§ To do:
Once "NIKE CORTEZ SE" turns up in a line below, reproduce that line and those after it exactly, stopping after the line with "Park Apartments Szczecin Ngoại thất bức ảnh"; leave pictures out.

§ Source information:

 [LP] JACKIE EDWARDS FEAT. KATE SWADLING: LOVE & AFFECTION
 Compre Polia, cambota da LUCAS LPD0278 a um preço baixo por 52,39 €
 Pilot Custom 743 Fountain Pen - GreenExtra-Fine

==

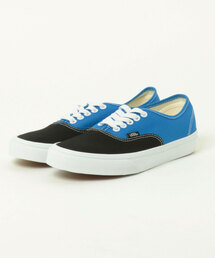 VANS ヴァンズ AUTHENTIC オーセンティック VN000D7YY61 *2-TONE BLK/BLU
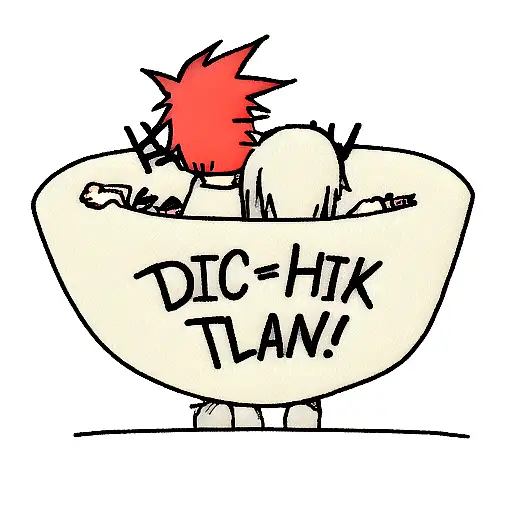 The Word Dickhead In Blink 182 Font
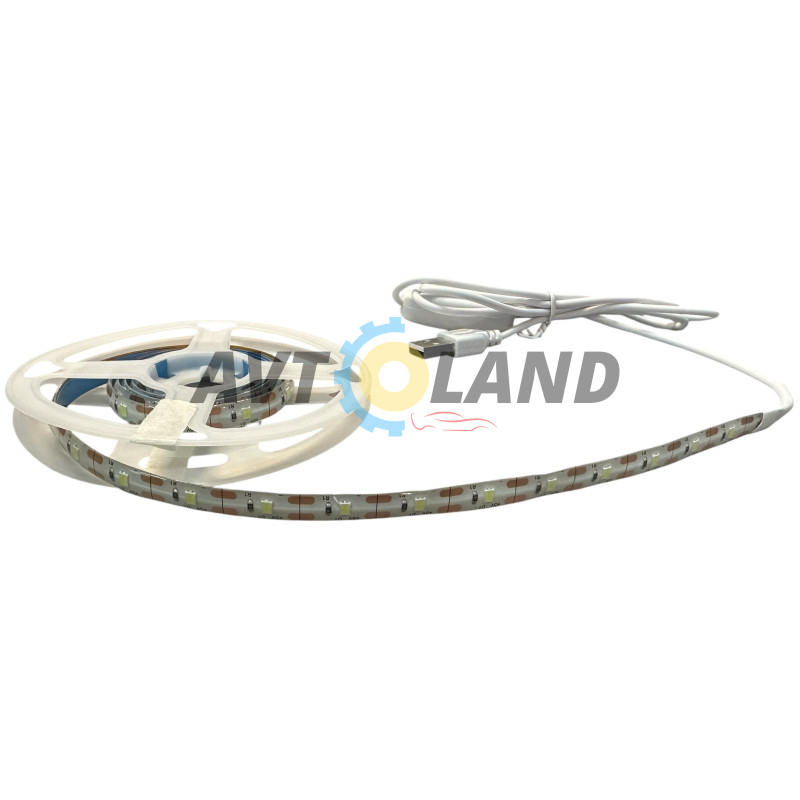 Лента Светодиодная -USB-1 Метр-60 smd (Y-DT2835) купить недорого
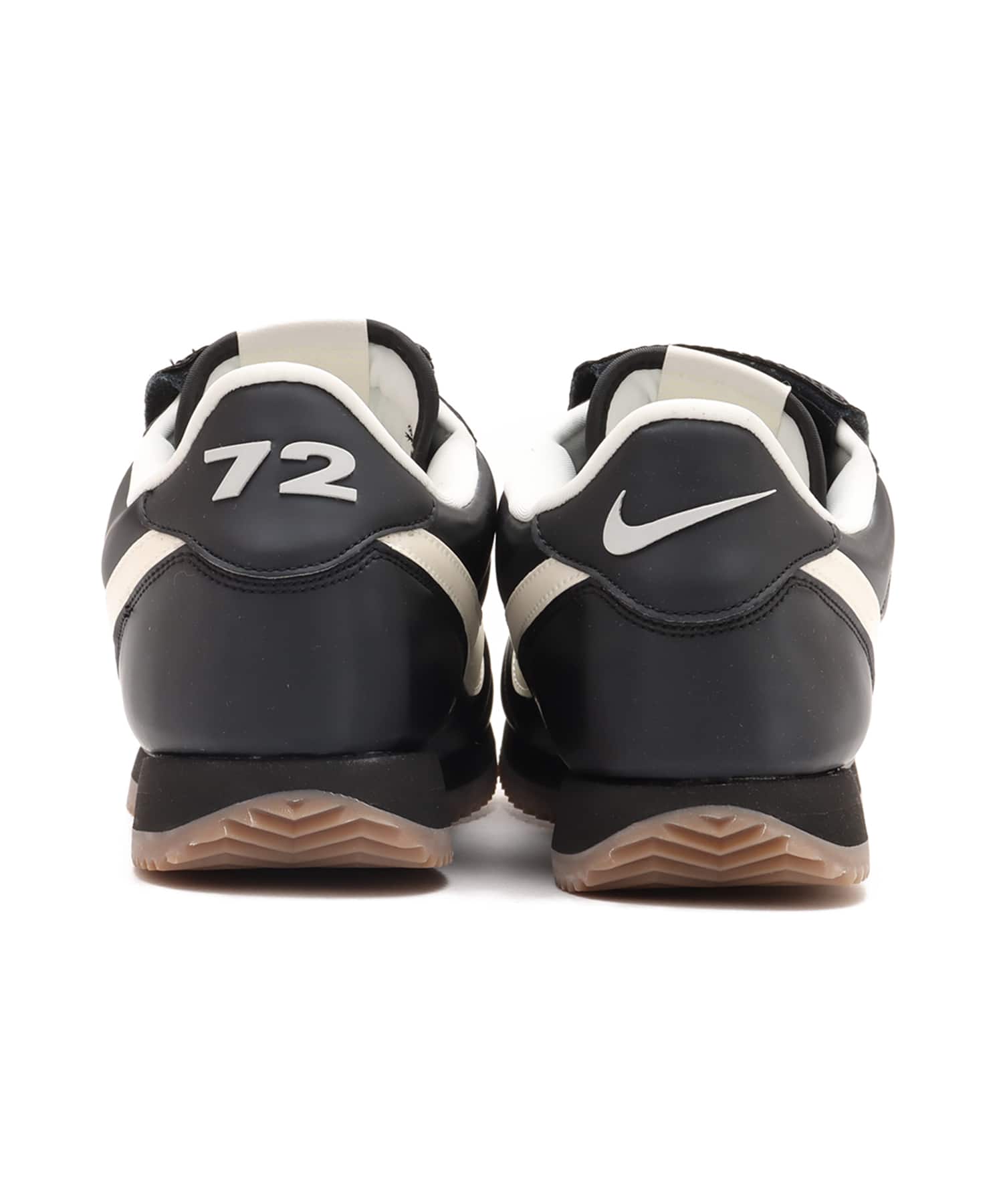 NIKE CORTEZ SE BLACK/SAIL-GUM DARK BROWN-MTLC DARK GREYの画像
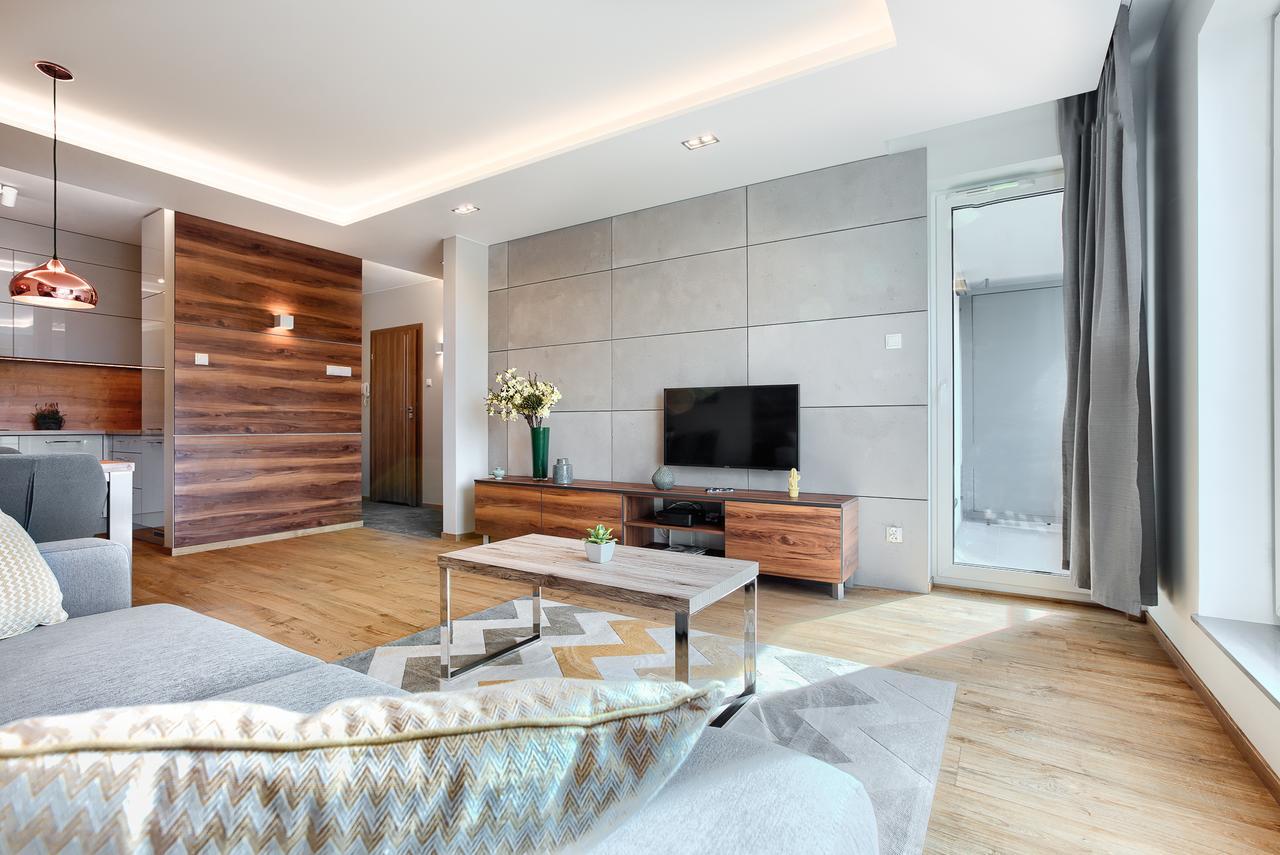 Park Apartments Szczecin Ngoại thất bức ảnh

...

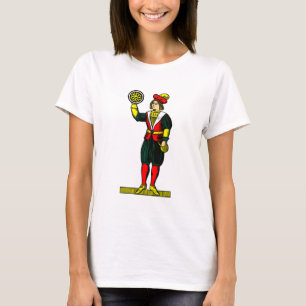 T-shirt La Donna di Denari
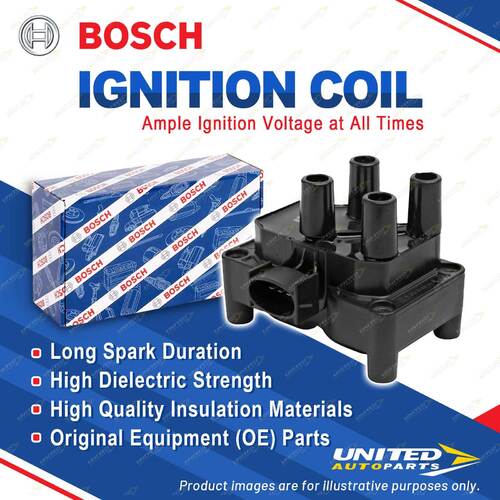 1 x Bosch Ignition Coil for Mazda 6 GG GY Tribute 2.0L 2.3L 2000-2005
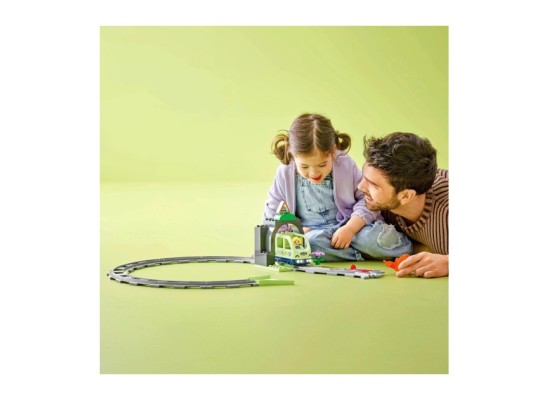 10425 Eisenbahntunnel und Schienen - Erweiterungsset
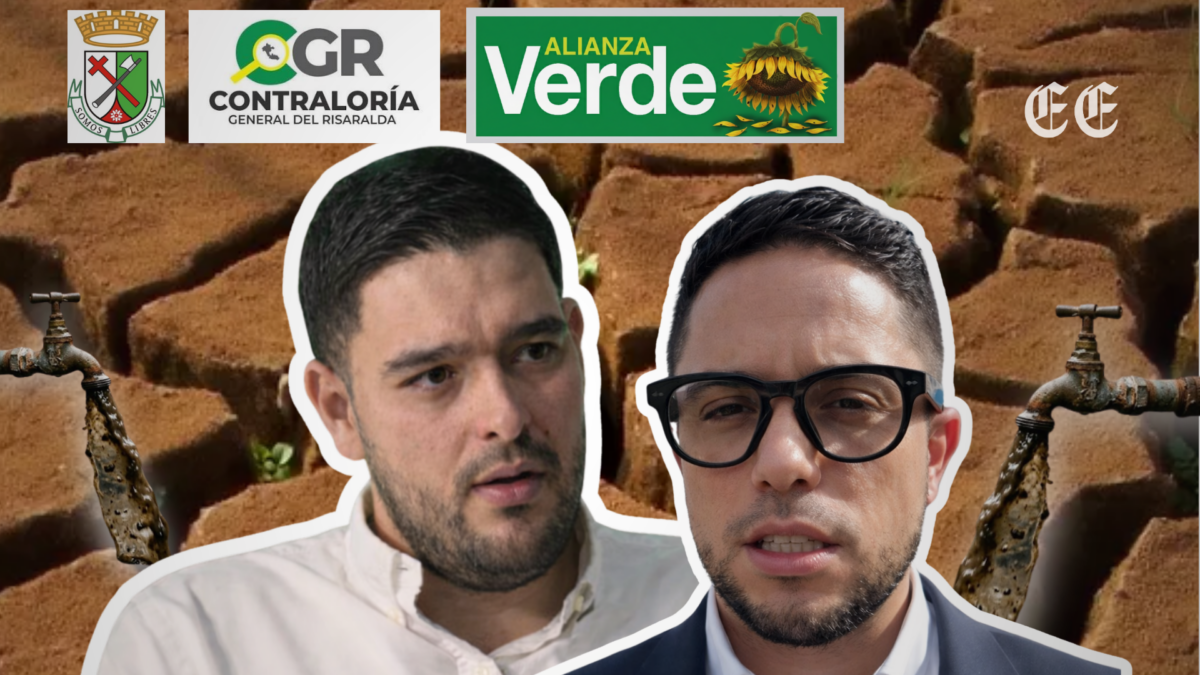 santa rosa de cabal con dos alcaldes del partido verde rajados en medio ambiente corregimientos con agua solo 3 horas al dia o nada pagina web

§ Reply to the exercise:
 NIKE CORTEZ SE BLACK/SAIL-GUM DARK BROWN-MTLC DARK GREYの画像
 Park Apartments Szczecin Ngoại thất bức ảnh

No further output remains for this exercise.